長瀬智也、残された命とどう向き合う? 『ごめん、愛してる』吉岡里帆に迫った4択

長瀬智也、残された命とどう向き合う?

「僕の目はサファイアでできている。この目を取り出して、運んでおくれ」ツバメに頼み、 金や宝石でできた体のパーツを人に与え、自分はどんどんボロボロになってしまう『幸福な王子』。その寓話を読んで「かわいそうだよね」という若菜(池脇千鶴)に、「かわいそうじゃねえだろ。そいつは好きでやってるんだからさ。自分のものを人にやって、人の喜ぶ顔を見て自分も嬉しくなったんじゃねえか? だから“幸福な”王子っていうんだろ」とやさしく諭す律(長瀬智也)。若菜の息子・魚(大智)に持っている貯金を渡し、きっと心臓をサトル(坂口健太郎)に……思い返せば、律が持っていた指輪もサファイアだった。死期が迫る律は、このまま幸福な王子となるのだろうか。

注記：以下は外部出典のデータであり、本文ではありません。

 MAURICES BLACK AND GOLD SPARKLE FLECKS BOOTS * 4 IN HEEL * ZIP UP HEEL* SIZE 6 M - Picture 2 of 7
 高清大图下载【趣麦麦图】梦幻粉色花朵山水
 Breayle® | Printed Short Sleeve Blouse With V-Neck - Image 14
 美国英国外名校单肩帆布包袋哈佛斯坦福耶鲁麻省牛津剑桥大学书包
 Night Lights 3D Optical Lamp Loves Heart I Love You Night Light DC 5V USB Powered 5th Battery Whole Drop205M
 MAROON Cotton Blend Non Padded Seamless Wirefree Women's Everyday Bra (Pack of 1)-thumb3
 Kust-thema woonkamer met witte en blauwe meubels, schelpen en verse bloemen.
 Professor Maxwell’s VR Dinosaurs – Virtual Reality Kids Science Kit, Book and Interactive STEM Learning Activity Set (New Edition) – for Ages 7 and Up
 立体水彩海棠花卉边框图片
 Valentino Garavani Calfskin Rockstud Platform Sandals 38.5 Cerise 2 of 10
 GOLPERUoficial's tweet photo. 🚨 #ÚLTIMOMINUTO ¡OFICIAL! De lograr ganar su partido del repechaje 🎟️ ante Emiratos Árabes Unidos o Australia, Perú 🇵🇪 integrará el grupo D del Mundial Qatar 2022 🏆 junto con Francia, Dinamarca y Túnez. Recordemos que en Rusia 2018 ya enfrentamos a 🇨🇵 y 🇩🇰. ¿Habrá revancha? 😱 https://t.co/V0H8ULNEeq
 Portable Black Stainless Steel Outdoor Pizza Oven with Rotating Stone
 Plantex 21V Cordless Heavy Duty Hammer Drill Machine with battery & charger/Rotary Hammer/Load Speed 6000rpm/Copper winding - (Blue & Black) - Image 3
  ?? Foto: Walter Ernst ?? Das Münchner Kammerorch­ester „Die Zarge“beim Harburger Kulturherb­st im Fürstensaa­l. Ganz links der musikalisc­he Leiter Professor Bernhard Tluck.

 8月27日放送『ごめん、愛してる』(TBS系)第7話。律の脳内に残された銃弾は、着実に体を蝕み、手足のしびれや頭痛などが徐々に隠せなくなるほどに進行していた。残された命をどうするか。納得のいく生き様を探す、律の姿が印象的だった。

 親に愛されずに育った自分の“生きる意味とは……。そんなときに、心臓に持病を抱えたサトルに心臓移植が必要だという話が聞こえてくる。「私の心臓を移植して!」という実の母・麗子(大竹しのぶ)の叫び声と共に。「男は自分の母ちゃんを守らなきゃいけない」と魚に話した律が、どんな行動を取ろうと考えたのか想像に難くない。

 “1日1善”ならぬ“1日1膳”。大事な家族と1日1回食卓を囲むことを、律は生きるモットーとしていた。そもそも食事も、植物や動物の命をいただいているのだという意味だと改めて考えると、いつも丁寧に手を合わせて「いただきます」と言っている律は、命の連鎖の中で生かされているということを本能的に感じていたのかもしれない。人は愛や命をもらって、 初めて生きることができるのだ。

 サトルの看病と助けに応じられなかった罪悪感で、食事もろくに取れずにいた凜華(吉岡里帆)。律は凜華を強引に連れ出し、「1、俺とキスする 2、俺と寝る 3、俺と一緒に死ぬ 4、俺と一緒にここで飯を食う」という4択を迫る。律が背負う現実を知らない凜華にとっては、笑えない冗談のような4択。だが、凜華に触れたいという愛、生きたいという葛藤、死が迫っている恐怖、そして凜華には元気に生きてほしいという希望。その全てがこの4択に凝縮されていると思うと切なさが増す。

 「うまくて泣いちゃうな」 凜華が泣きじゃくりながら丼を頬張ると、 律はそう言って茶化した。食事は、命を繋ぐ。泣きながら食べ(生き)なくてはならないのが人生なのだ。律に「好き」と告白し、キスをした凜華。だが、“役に立たないと生きている意味がない” と考える律は凜華を守ることができないと考え、「ごめんな、ボケチン。俺は好きじゃねぇ」と拒む。 ポケットに突っ込んだままの手が、その頑なになっている心をそのまま表しているようだった。